## Material shown:
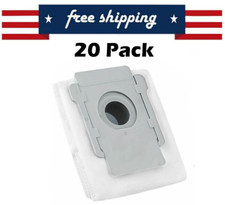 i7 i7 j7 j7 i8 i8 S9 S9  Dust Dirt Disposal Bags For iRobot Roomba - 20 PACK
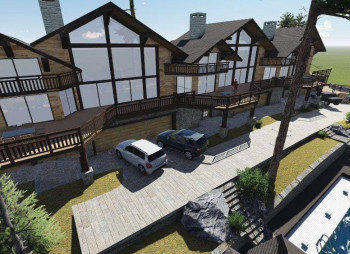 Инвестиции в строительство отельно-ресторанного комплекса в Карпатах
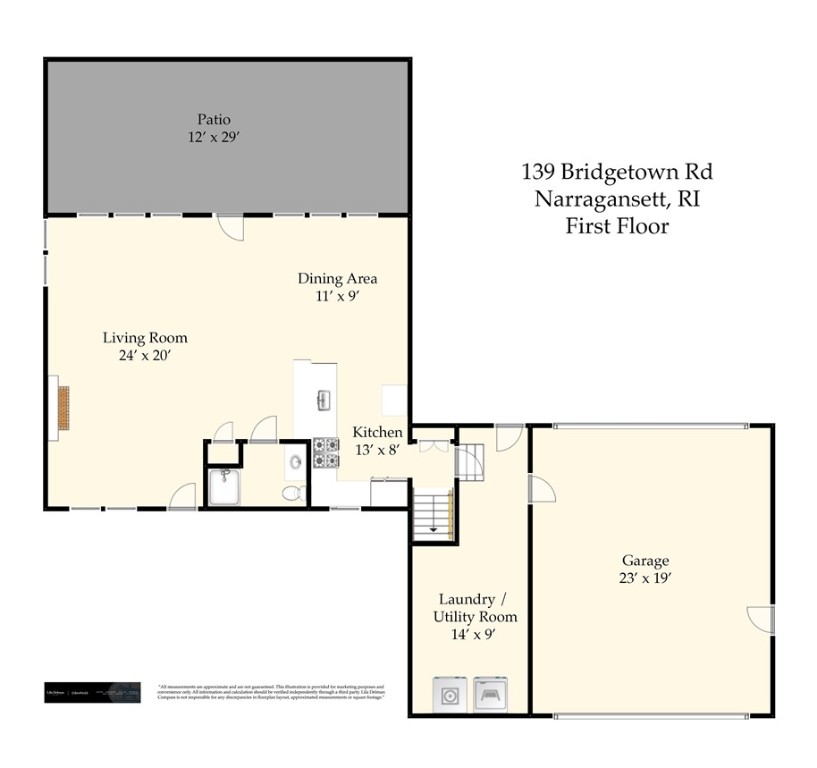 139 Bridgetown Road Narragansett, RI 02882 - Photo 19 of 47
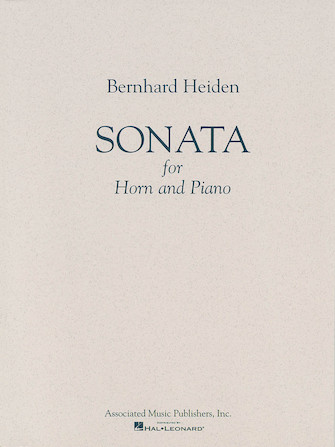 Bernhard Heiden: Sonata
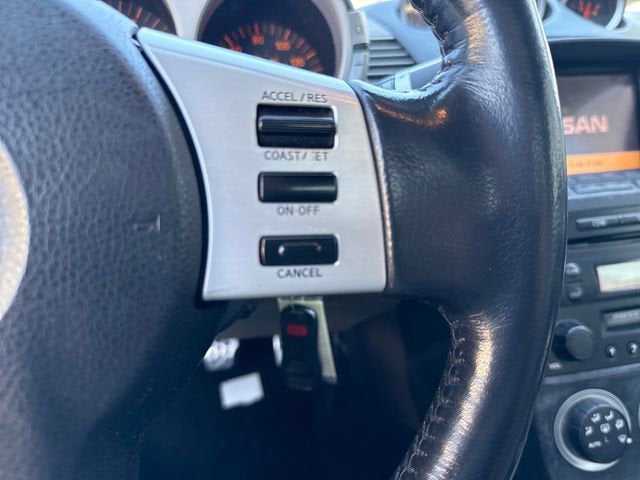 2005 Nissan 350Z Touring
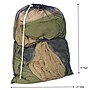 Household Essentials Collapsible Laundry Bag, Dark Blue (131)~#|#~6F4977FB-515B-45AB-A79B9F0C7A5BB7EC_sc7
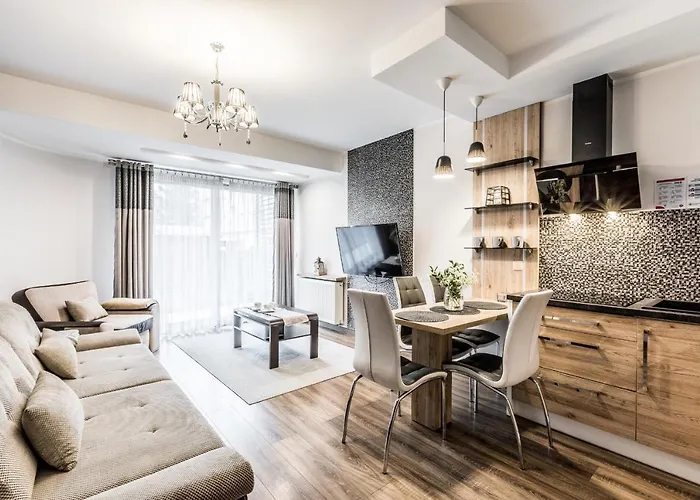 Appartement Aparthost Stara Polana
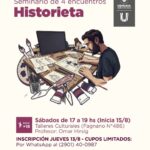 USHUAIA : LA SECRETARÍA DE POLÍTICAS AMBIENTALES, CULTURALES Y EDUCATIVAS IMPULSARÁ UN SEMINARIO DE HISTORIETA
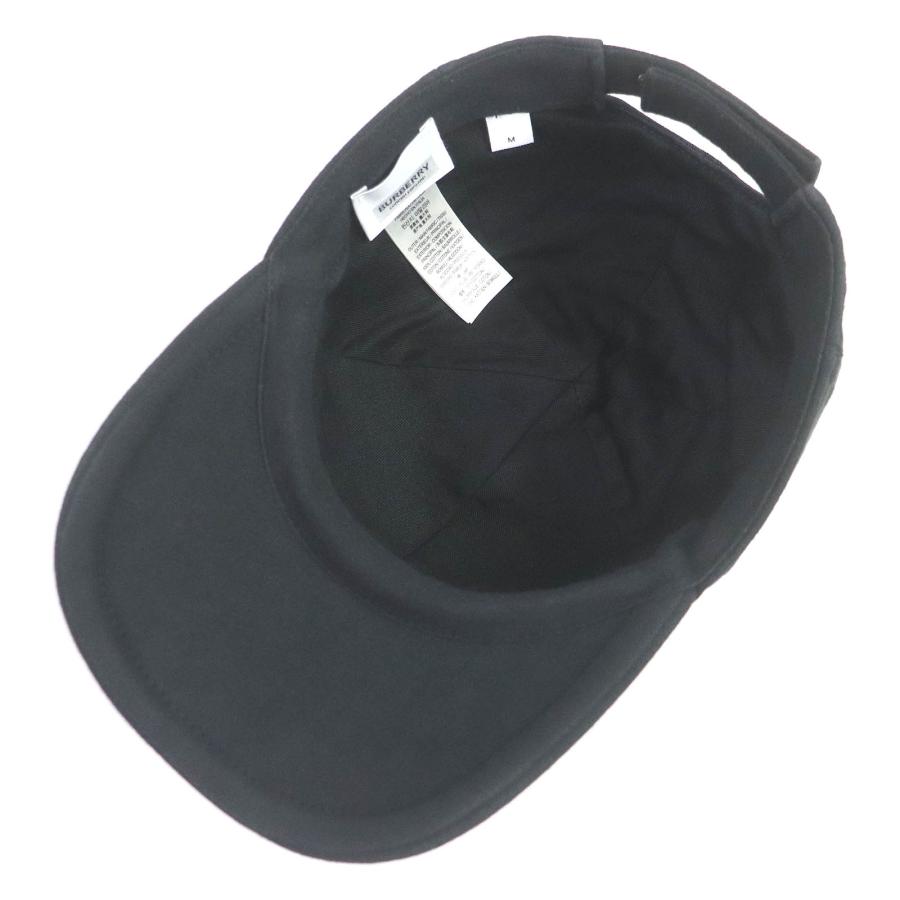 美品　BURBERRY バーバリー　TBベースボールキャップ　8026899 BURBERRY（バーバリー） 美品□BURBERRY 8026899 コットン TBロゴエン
==
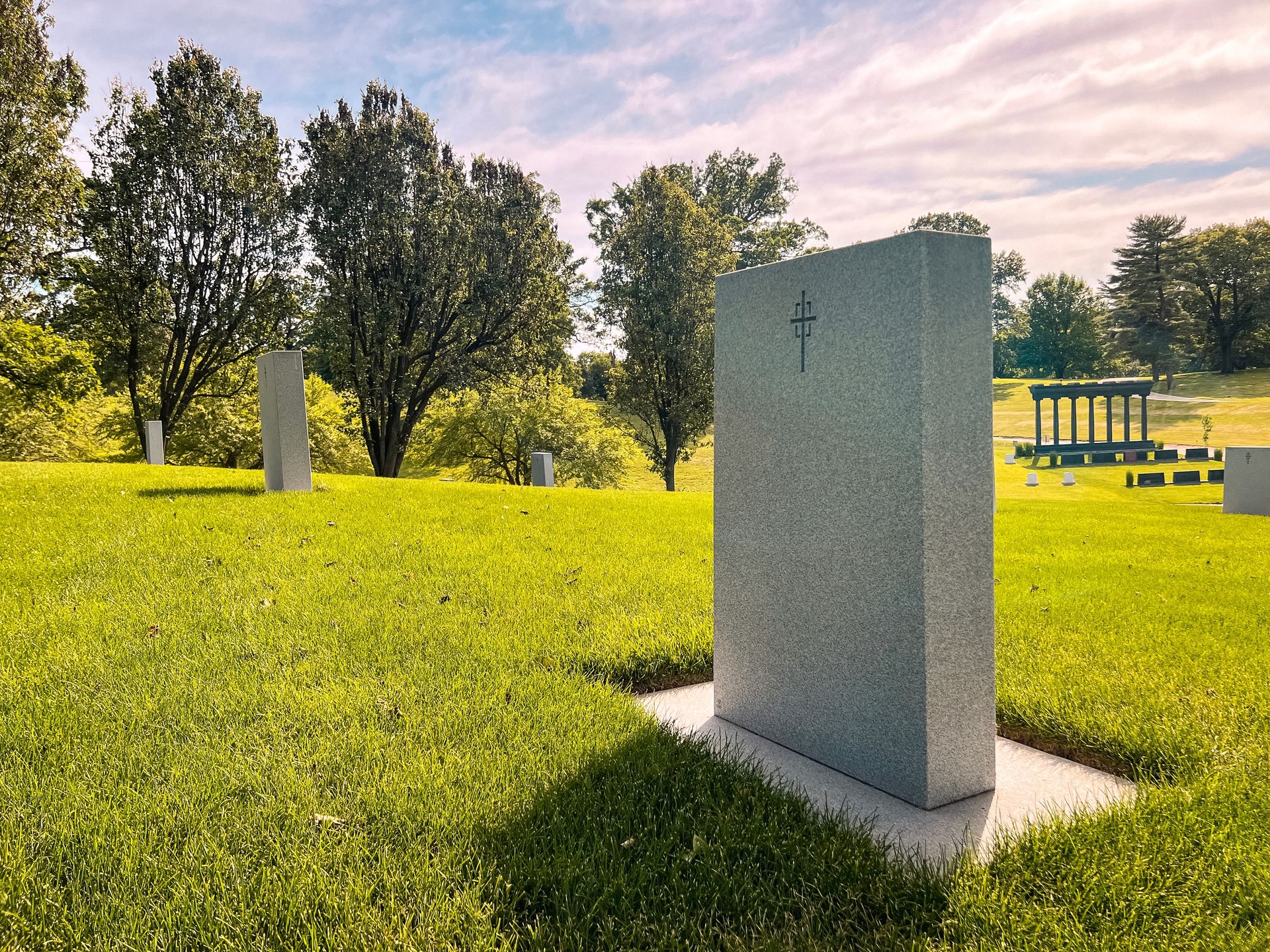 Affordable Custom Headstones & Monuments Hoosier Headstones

## Brief:
Within the entries above, give again exactly the lines starting at the one that contains "139 Bridgetown Road" and ending at the one that contains "美品　BURBERRY バーバリー　TBベースボールキャップ　8026899 BURBERRY（バーバリー）", leaving out the pictures.

## Written reply:
 139 Bridgetown Road Narragansett, RI 02882 - Photo 19 of 47
 Bernhard Heiden: Sonata
 2005 Nissan 350Z Touring
 Household Essentials Collapsible Laundry Bag, Dark Blue (131)~#|#~6F4977FB-515B-45AB-A79B9F0C7A5BB7EC_sc7
 Appartement Aparthost Stara Polana
 USHUAIA : LA SECRETARÍA DE POLÍTICAS AMBIENTALES, CULTURALES Y EDUCATIVAS IMPULSARÁ UN SEMINARIO DE HISTORIETA
 美品　BURBERRY バーバリー　TBベースボールキャップ　8026899 BURBERRY（バーバリー） 美品□BURBERRY 8026899 コットン TBロゴエン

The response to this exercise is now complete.